The commitment to develop the 884-room property comes from Nelson, who has dedicated capital for some sort of expansion every single year since the property opened, totaling $170 million in expansion funds.
And the commitment to develop the staff comes from Shanle, who fell in love with helping people during his first job as a front-desk clerk.
“I just enjoyed that one on one, being able to help someone,” he said. “Eventually as I moved up into supervisor and management positions I found out it’s even more satisfying to help someone who doesn’t understand they can do great things with their life through this business. That’s much more rewarding than helping the guest find directions or find a great restaurant or fix a flat tire.
“It’s much more rewarding to help someone see themselves at a higher goal and to be able to help their families and have a great career in this business.”
Much of Shanle’s job at Kalahari resembles a balancing act. Nelson, the owner, is hands-on and weighs in on nearly every decision. He visits the property from Kalahari’s headquarters in Wisconsin Dells, Wisconsin, fairly often, walking the property and asking questions. He reads the daily financial report every morning around 5:30 a.m. and is heavily involved in rate meetings. He talks with Shanle and his management staff regularly through video conference technology.
“Clearly, he’s the visionary of the company,” Shanle said. “I have my experience and my set of ideas about how to drive the business forward. I get a vote on a lot of things, but he’s the owner. He doesn’t have to count my vote if he doesn’t want to.”
So Shanle helps pursue Nelson’s vision for the company. They place a heavy importance on food and beverage because Nelson’s first plunge into business ownership was a small bar he turned into a pizza shop. Kalahari’s seven chefs and 70 cooks push the envelope in its restaurants. And the results show; today, Kalahari brings in more F&B spend revenue per room alone than the average hotel does in rate, Shanle said.
Shanle also balances the range of guests who visit the resort, which serves many different markets. One day the convention center will host a financial investment company with thousands of attendees in suits; the next day it could host a cheerleading competition with 3,000 competitors.
“We have corporate team-building on our high ropes course. Sometimes the bankers or the judges might take a break from their meetings and do something fun like that,” Shanle said. “So it’s a very diverse property. In the summer, you can hand-feed a giraffe. That doesn’t happen at most hotels.”

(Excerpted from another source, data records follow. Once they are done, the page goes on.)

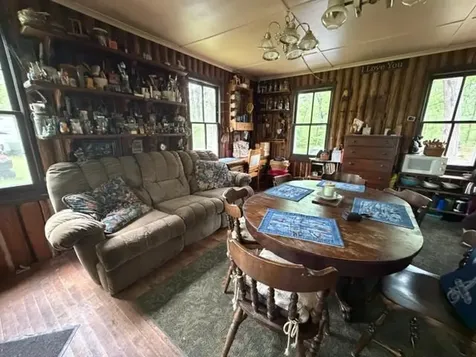 9064 Peppard Road Britt MN 55710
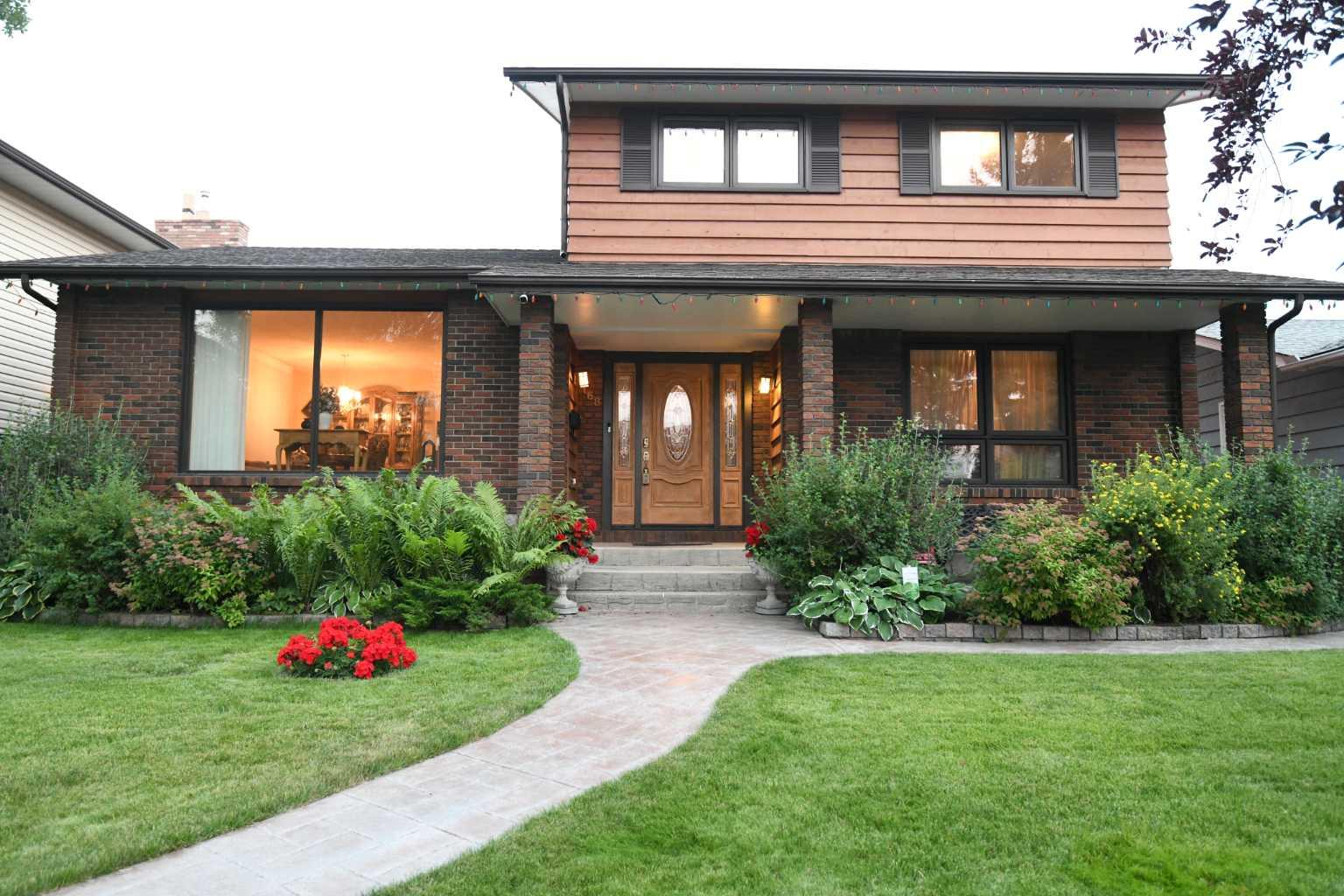 168 Templewood Drive NE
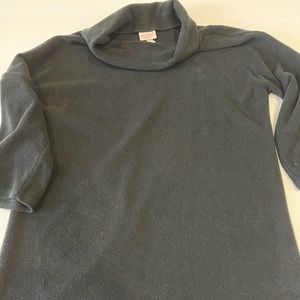 Isabel maternity fleece top size M, 3/4 sleeves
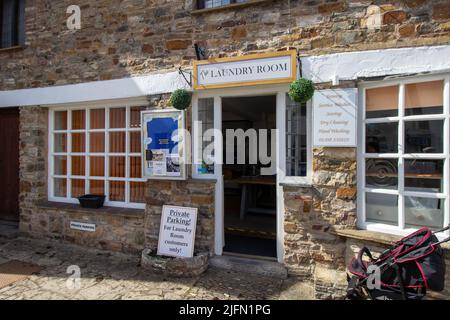 BAMPTON, DEVON, Großbritannien - 7. APRIL 2022 The Laundry Room on Fore Street Stockfoto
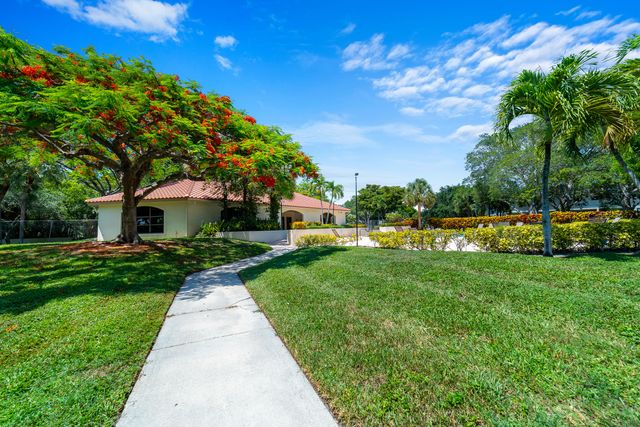 3117 KINGSWOOD Terrace, Boca Raton, FL 33431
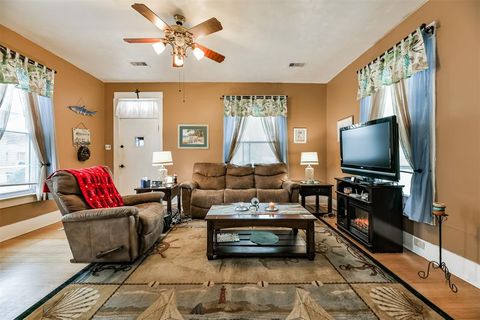 Single Family Residence in Galveston TX 3614 Avenue N 1/2 7.jpg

Having 800 guests check in while 800 guests check out is a regular occurrence at Kalahari. There are times when 15 or 16 check-in stations are open. Shanle said his staff is used to dealing with a large amount of guests, and they embrace it and enjoy the challenge.
Shanle’s management style has adapted right along with the property. He’s not big on meetings, and he doesn’t spend a lot of time in his office. Instead, he walks the floor helping guests and helping his team do what it takes to ensure all guests are kept happy.
“Collectively, you get a lot of guest requests,” he said. “But there are two things we focus on: Nothing can be more important to the ownership than it is to us, and nothing can be more important to our guests than it is to us.”